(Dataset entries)
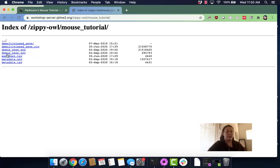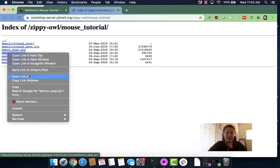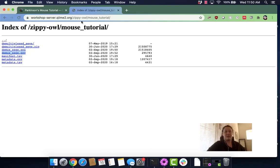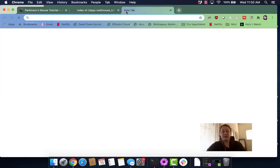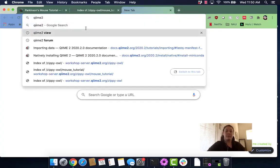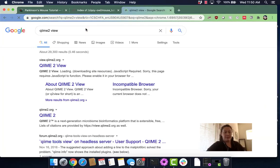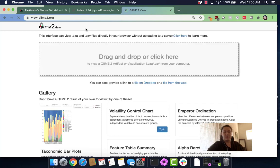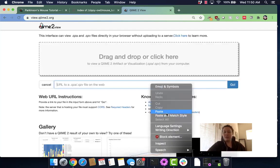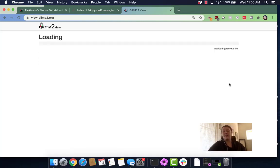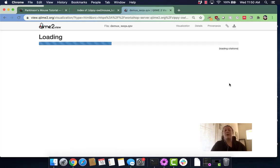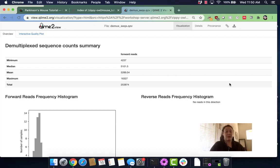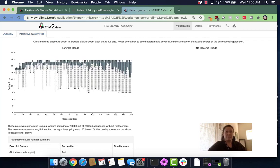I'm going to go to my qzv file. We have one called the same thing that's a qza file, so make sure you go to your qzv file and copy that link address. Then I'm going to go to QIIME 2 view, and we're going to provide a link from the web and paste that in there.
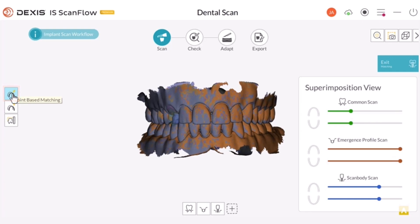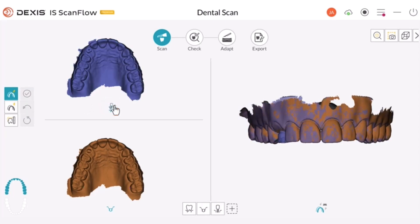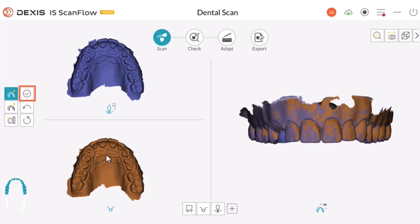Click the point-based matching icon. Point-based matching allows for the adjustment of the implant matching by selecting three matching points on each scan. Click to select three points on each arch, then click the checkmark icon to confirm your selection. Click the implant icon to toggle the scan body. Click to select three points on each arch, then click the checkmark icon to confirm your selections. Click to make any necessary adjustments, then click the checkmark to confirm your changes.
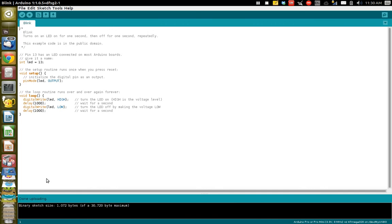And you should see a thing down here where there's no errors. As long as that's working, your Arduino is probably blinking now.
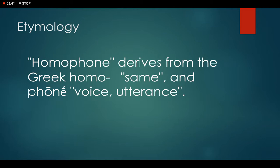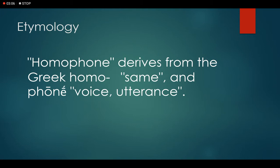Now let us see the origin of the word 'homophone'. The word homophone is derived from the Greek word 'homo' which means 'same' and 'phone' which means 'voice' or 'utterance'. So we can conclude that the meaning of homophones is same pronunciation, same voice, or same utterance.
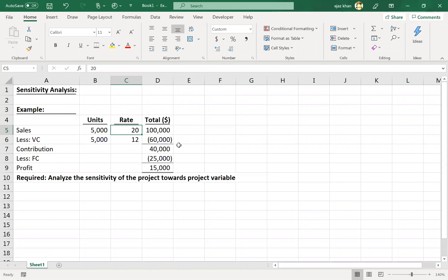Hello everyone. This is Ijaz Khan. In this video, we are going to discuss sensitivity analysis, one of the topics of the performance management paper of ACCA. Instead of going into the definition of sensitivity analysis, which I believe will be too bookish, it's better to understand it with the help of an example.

— TASK DETAILS —
Only the pictures are to be left out; write out all the other data exactly.

— SOLVED PROBLEM —
I'm going to go to my qzv file. We have one called the same thing that's a qza file, so make sure you go to your qzv file and copy that link address. Then I'm going to go to QIIME 2 view, and we're going to provide a link from the web and paste that in there.
Click the point-based matching icon. Point-based matching allows for the adjustment of the implant matching by selecting three matching points on each scan. Click to select three points on each arch, then click the checkmark icon to confirm your selection. Click the implant icon to toggle the scan body. Click to select three points on each arch, then click the checkmark icon to confirm your selections. Click to make any necessary adjustments, then click the checkmark to confirm your changes.
And you should see a thing down here where there's no errors. As long as that's working, your Arduino is probably blinking now.
Now let us see the origin of the word 'homophone'. The word homophone is derived from the Greek word 'homo' which means 'same' and 'phone' which means 'voice' or 'utterance'. So we can conclude that the meaning of homophones is same pronunciation, same voice, or same utterance.
Hello everyone. This is Ijaz Khan. In this video, we are going to discuss sensitivity analysis, one of the topics of the performance management paper of ACCA. Instead of going into the definition of sensitivity analysis, which I believe will be too bookish, it's better to understand it with the help of an example.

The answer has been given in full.